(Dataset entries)
++++++

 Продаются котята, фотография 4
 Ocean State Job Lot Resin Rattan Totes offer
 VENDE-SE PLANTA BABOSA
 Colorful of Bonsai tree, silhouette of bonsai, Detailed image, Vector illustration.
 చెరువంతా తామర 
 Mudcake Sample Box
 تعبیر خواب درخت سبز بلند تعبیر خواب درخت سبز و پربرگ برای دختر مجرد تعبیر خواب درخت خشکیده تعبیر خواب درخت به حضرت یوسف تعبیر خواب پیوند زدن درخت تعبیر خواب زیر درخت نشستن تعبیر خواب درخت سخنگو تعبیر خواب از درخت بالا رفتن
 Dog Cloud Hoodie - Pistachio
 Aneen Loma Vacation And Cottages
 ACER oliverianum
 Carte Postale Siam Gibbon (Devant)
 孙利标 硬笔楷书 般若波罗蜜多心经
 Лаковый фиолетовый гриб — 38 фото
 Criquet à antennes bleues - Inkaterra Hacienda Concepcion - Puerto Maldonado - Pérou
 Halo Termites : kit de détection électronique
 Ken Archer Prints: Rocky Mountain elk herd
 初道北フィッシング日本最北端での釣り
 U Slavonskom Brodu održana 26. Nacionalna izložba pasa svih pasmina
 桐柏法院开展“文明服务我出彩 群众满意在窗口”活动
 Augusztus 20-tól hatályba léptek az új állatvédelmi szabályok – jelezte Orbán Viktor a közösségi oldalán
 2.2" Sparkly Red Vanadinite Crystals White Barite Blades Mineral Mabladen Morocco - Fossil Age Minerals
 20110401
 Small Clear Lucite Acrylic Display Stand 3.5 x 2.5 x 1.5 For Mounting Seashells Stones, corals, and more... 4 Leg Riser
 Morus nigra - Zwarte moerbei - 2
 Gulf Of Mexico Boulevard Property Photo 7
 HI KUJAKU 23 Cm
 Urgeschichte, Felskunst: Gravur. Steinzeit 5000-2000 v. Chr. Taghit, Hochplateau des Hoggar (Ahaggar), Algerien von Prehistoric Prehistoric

++++++

(The problem) Once more, write out the records above, exactly as they stand.

(Exercise response)
 Продаются котята, фотография 4
 Ocean State Job Lot Resin Rattan Totes offer
 VENDE-SE PLANTA BABOSA
 Colorful of Bonsai tree, silhouette of bonsai, Detailed image, Vector illustration.
 చెరువంతా తామర 
 Mudcake Sample Box
 تعبیر خواب درخت سبز بلند تعبیر خواب درخت سبز و پربرگ برای دختر مجرد تعبیر خواب درخت خشکیده تعبیر خواب درخت به حضرت یوسف تعبیر خواب پیوند زدن درخت تعبیر خواب زیر درخت نشستن تعبیر خواب درخت سخنگو تعبیر خواب از درخت بالا رفتن
 Dog Cloud Hoodie - Pistachio
 Aneen Loma Vacation And Cottages
 ACER oliverianum
 Carte Postale Siam Gibbon (Devant)
 孙利标 硬笔楷书 般若波罗蜜多心经
 Лаковый фиолетовый гриб — 38 фото
 Criquet à antennes bleues - Inkaterra Hacienda Concepcion - Puerto Maldonado - Pérou
 Halo Termites : kit de détection électronique
 Ken Archer Prints: Rocky Mountain elk herd
 初道北フィッシング日本最北端での釣り
 U Slavonskom Brodu održana 26. Nacionalna izložba pasa svih pasmina
 桐柏法院开展“文明服务我出彩 群众满意在窗口”活动
 Augusztus 20-tól hatályba léptek az új állatvédelmi szabályok – jelezte Orbán Viktor a közösségi oldalán
 2.2" Sparkly Red Vanadinite Crystals White Barite Blades Mineral Mabladen Morocco - Fossil Age Minerals
 20110401
 Small Clear Lucite Acrylic Display Stand 3.5 x 2.5 x 1.5 For Mounting Seashells Stones, corals, and more... 4 Leg Riser
 Morus nigra - Zwarte moerbei - 2
 Gulf Of Mexico Boulevard Property Photo 7
 HI KUJAKU 23 Cm
 Urgeschichte, Felskunst: Gravur. Steinzeit 5000-2000 v. Chr. Taghit, Hochplateau des Hoggar (Ahaggar), Algerien von Prehistoric Prehistoric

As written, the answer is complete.